__Task prompt__
In the copy, include every entry exactly but none of the images.

── Dataset extract ──

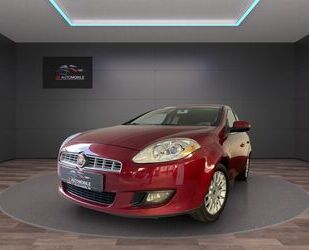 Fiat Bravo Gebrauchtwagen
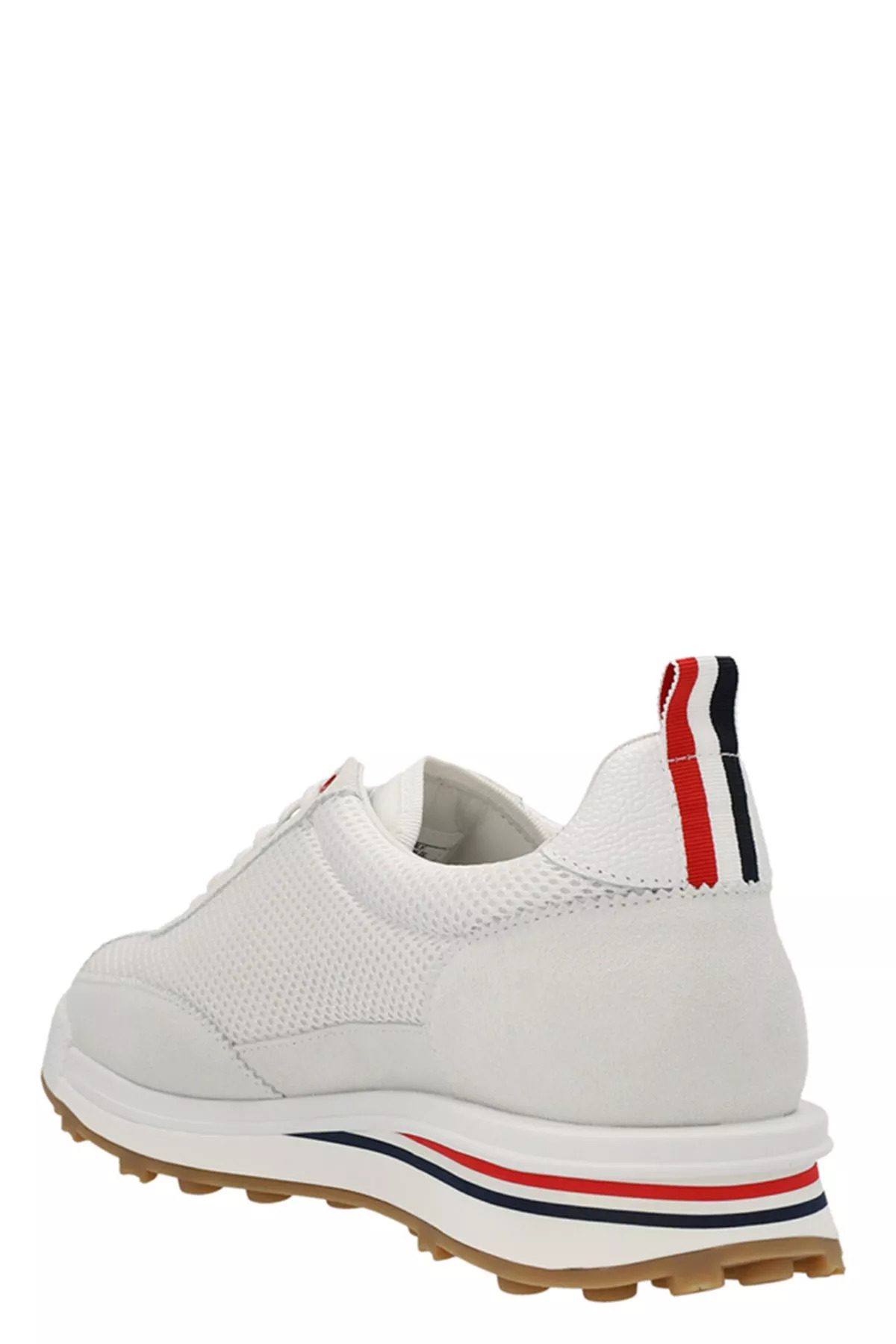 'Tech Runner’ sneakers - 2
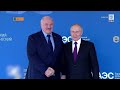 Полк Каліноўскага збірае рэзерв у ЕЗ: Польшча дапаможа скінуць Лукашэнку? / Выданне навінаў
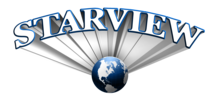 Logo Starview Packaging Machinery Inc.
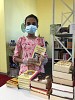 Dubai Culture organises Used-Book Fair as part of ‘Dubai Reads’ initiatives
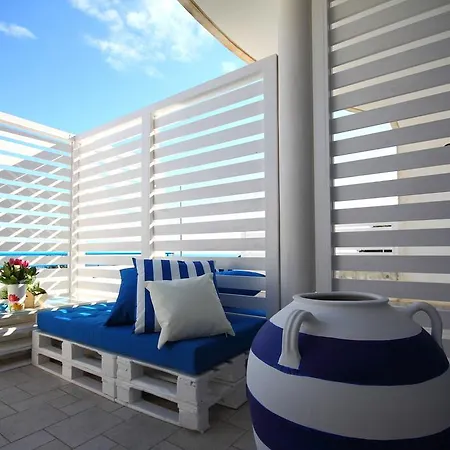 Bed & Breakfast Santa Cesarea Terme B&B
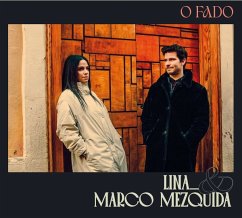 Cover O Fado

───

__Exercise response__
 Fiat Bravo Gebrauchtwagen
 'Tech Runner’ sneakers - 2
 Полк Каліноўскага збірае рэзерв у ЕЗ: Польшча дапаможа скінуць Лукашэнку? / Выданне навінаў
 Logo Starview Packaging Machinery Inc.
 Dubai Culture organises Used-Book Fair as part of ‘Dubai Reads’ initiatives
 Bed & Breakfast Santa Cesarea Terme B&B
 Cover O Fado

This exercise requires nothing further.